Work instructions: The line containing "Image by Torlak_Reis" and every line after it, through the end of the records below, are to be reproduced exactly, with the pictures left out.

[Brief descriptive captions]
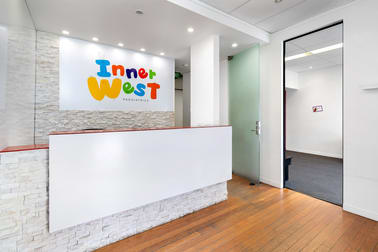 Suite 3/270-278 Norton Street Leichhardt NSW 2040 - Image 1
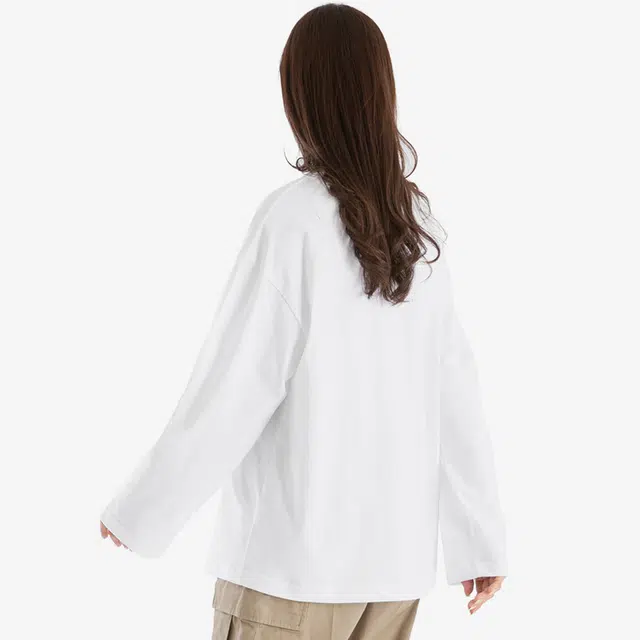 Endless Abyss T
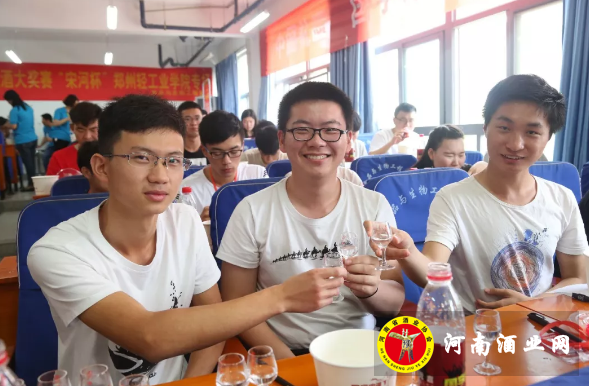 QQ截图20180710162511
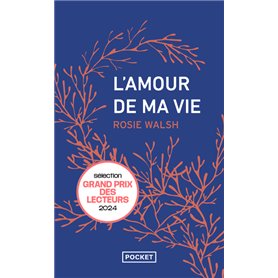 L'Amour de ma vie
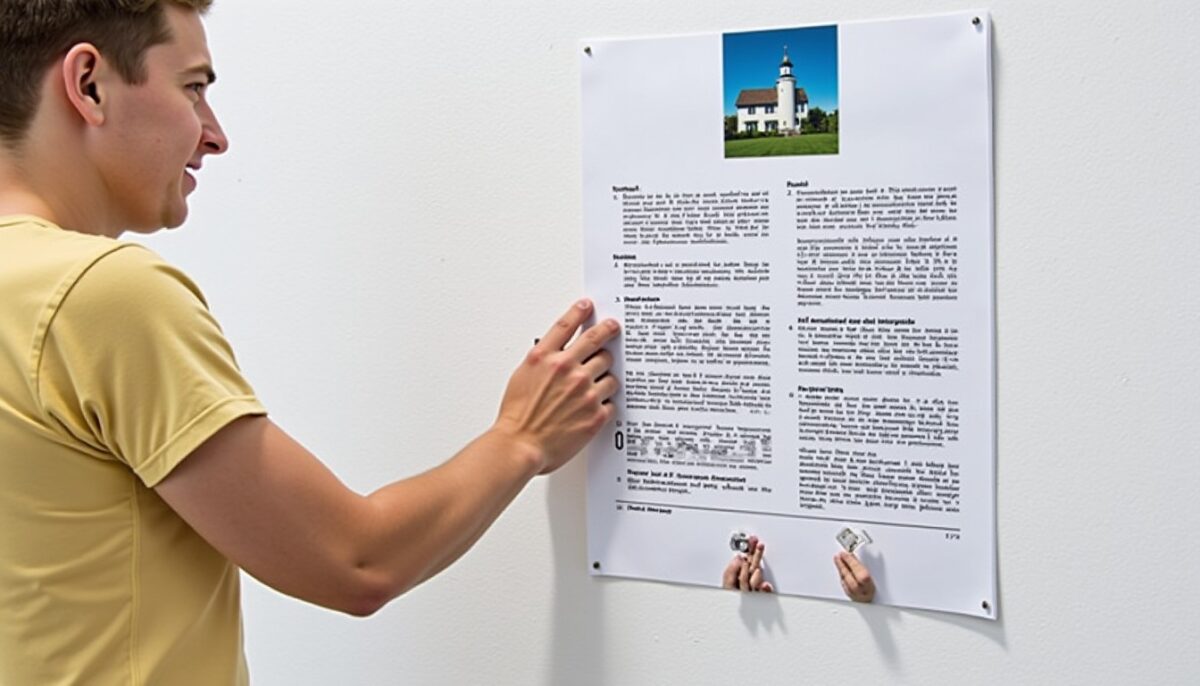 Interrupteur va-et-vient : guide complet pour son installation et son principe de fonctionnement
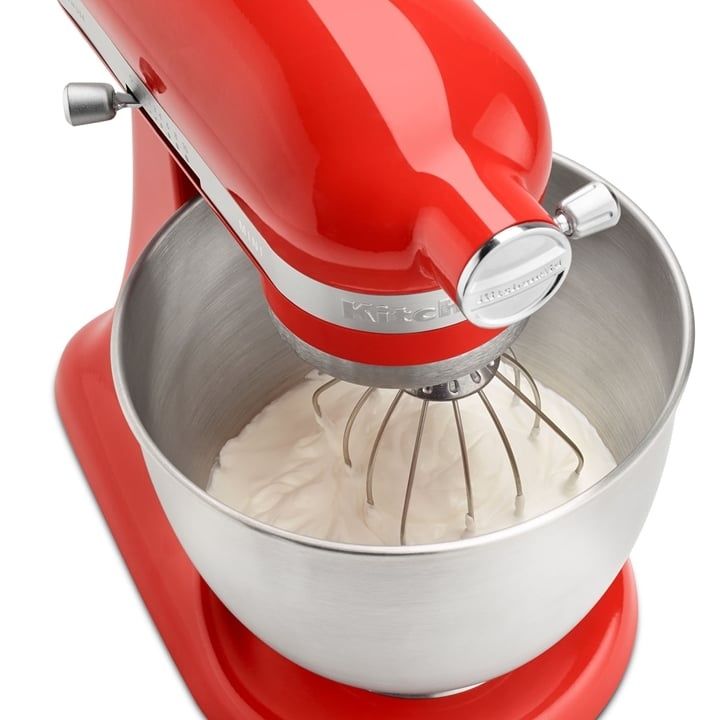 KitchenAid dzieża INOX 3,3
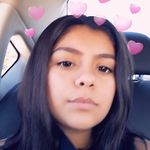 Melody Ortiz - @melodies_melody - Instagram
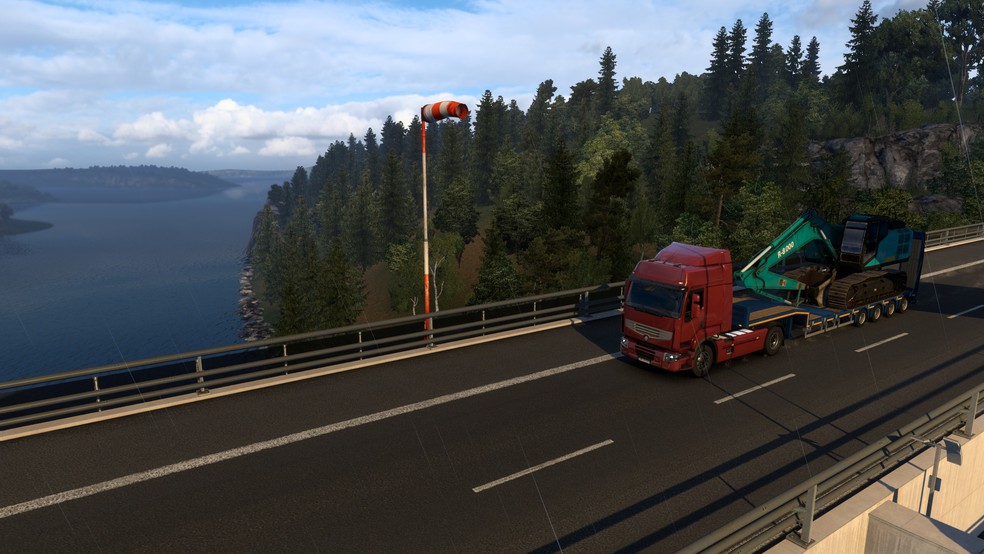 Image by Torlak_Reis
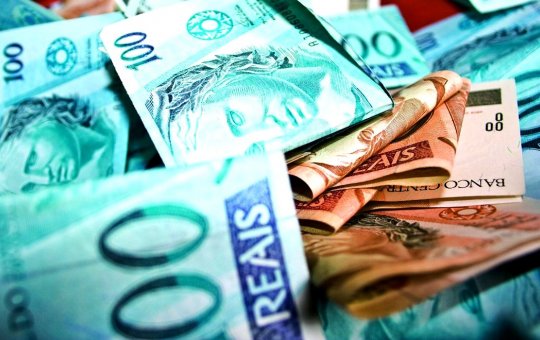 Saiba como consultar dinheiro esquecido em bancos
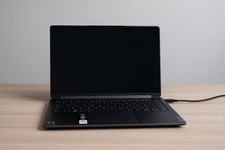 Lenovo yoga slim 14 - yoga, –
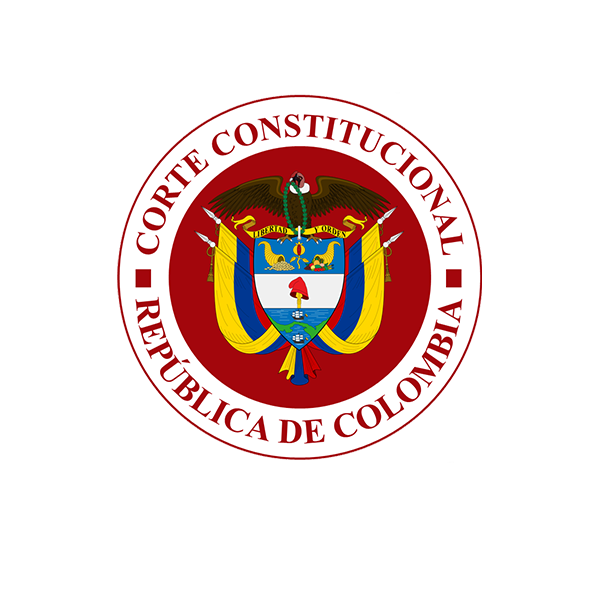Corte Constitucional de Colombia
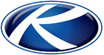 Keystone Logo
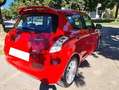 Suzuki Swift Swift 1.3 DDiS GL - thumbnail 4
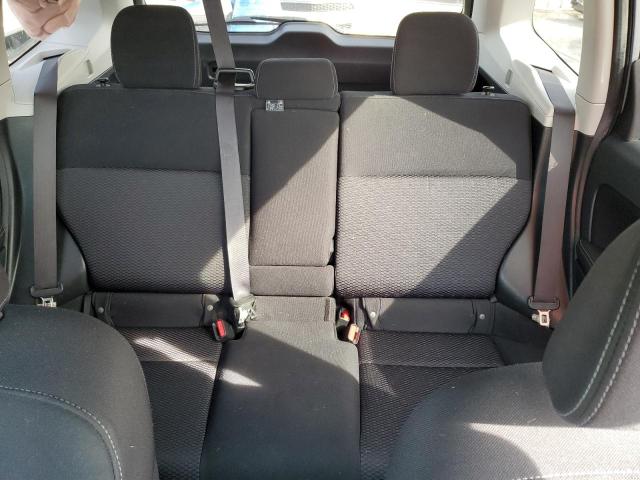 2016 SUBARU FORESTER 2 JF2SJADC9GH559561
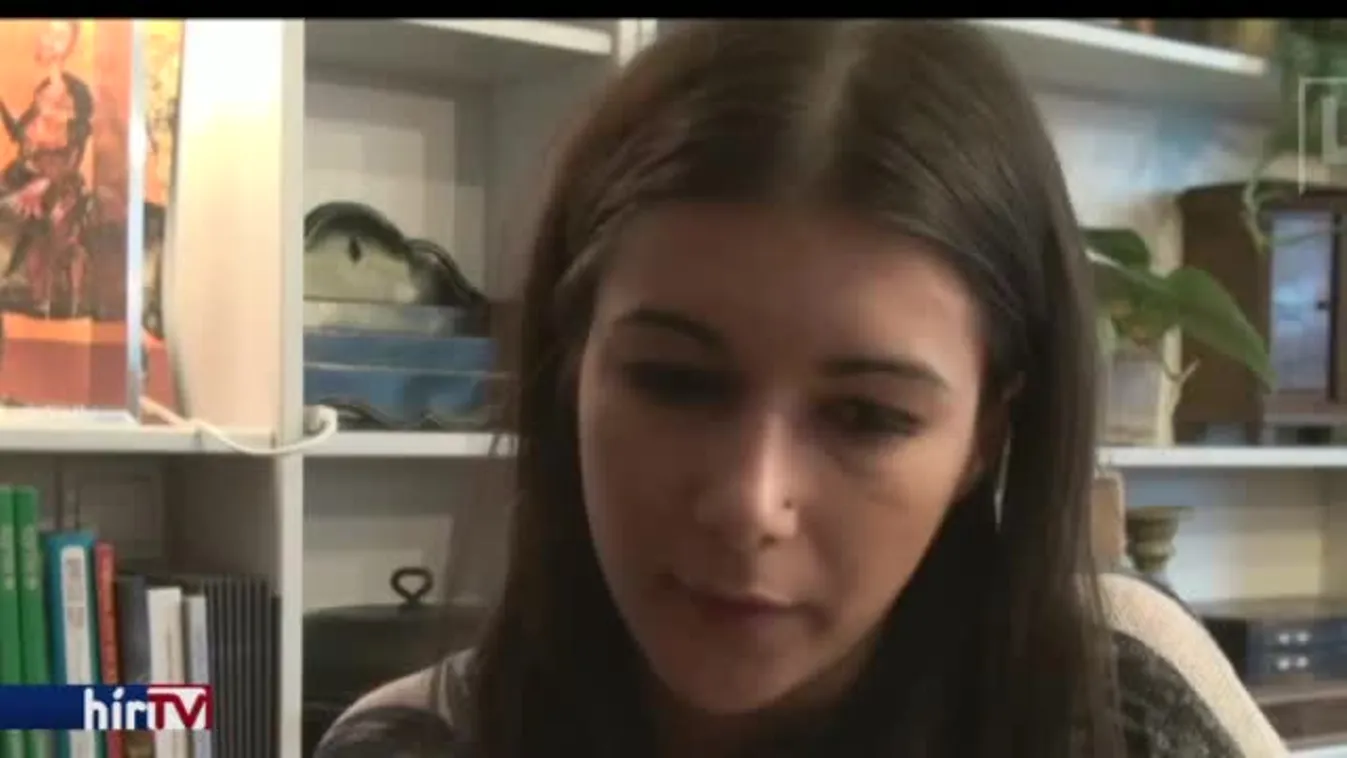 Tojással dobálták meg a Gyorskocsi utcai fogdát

Final answer:
 Image by Torlak_Reis
 Saiba como consultar dinheiro esquecido em bancos
 Lenovo yoga slim 14 - yoga, –
Corte Constitucional de Colombia
 Keystone Logo
 Suzuki Swift Swift 1.3 DDiS GL - thumbnail 4
 2016 SUBARU FORESTER 2 JF2SJADC9GH559561
 Tojással dobálták meg a Gyorskocsi utcai fogdát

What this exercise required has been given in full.